■ Your goal
With the pictures removed, please write out every line below exactly as given.

■ Data block
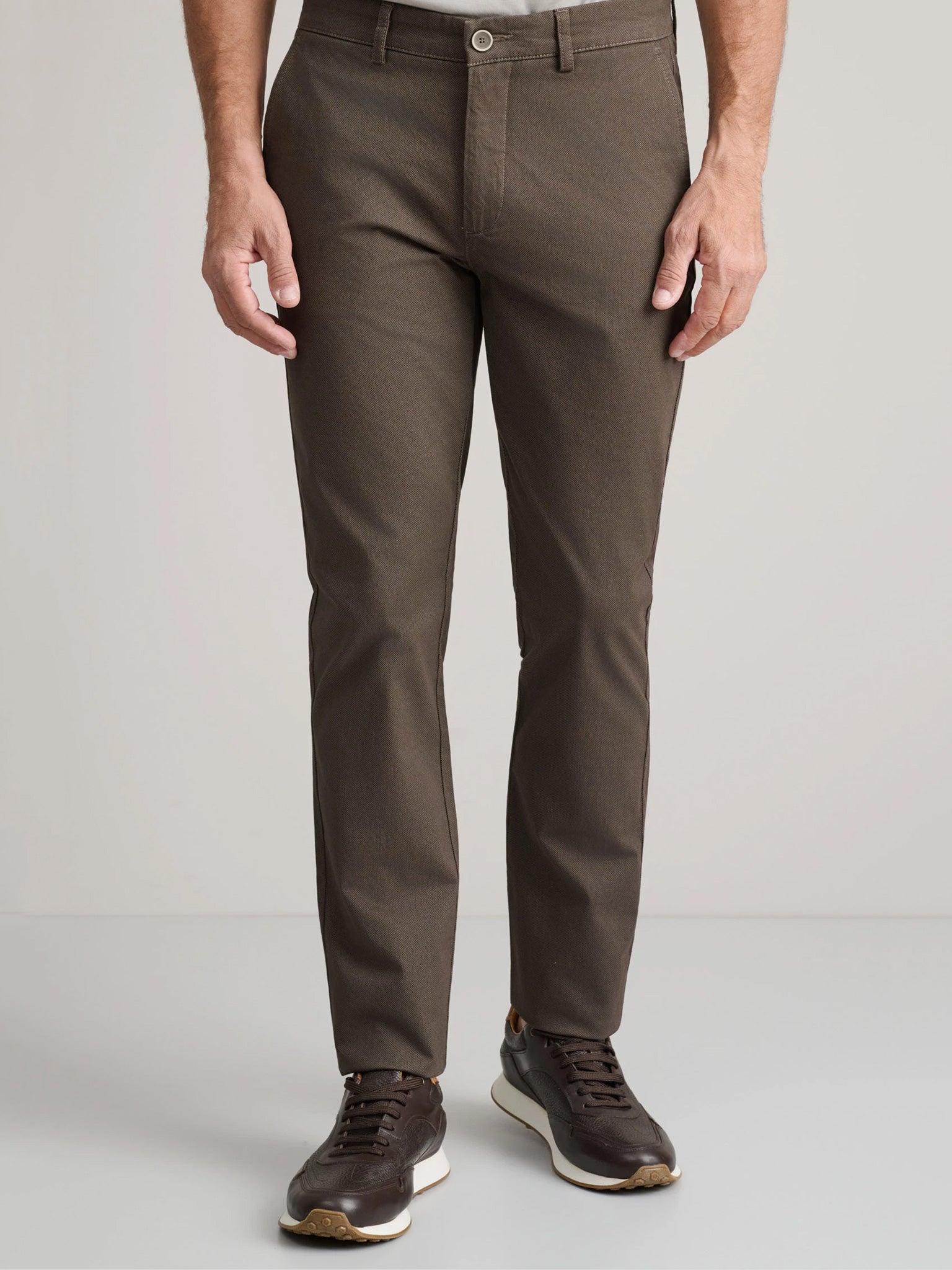 Ανδρικό παντελόνι chinos espresso 24AG.1003MFA/203 | 24AG.1003MFA/203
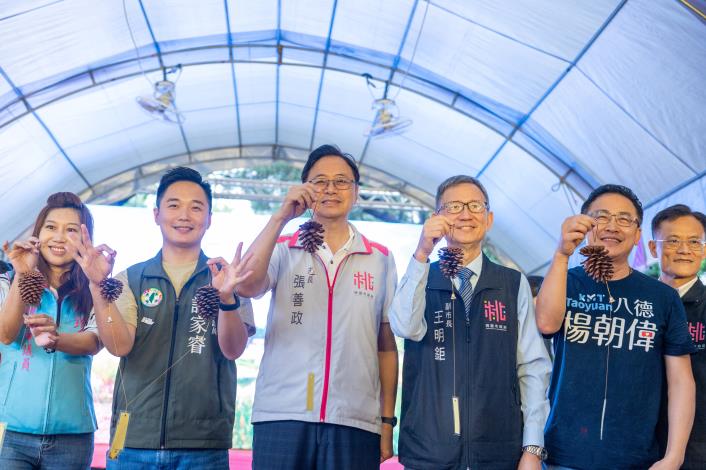 市長及來賓手拿松果一同合影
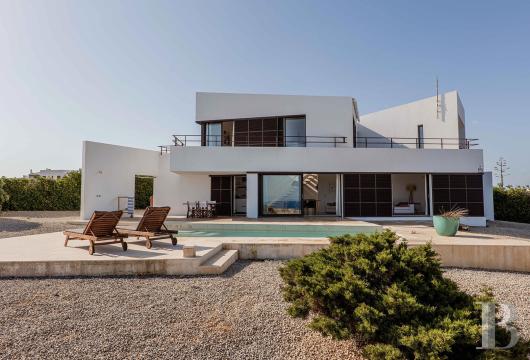 À Cala Morell, une villa d'architecte de quelque 272 m² sur environ 927 m², perchée en falaise face à la Méditerranée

■ Problem solution
 Ανδρικό παντελόνι chinos espresso 24AG.1003MFA/203 | 24AG.1003MFA/203
 市長及來賓手拿松果一同合影
 À Cala Morell, une villa d'architecte de quelque 272 m² sur environ 927 m², perchée en falaise face à la Méditerranée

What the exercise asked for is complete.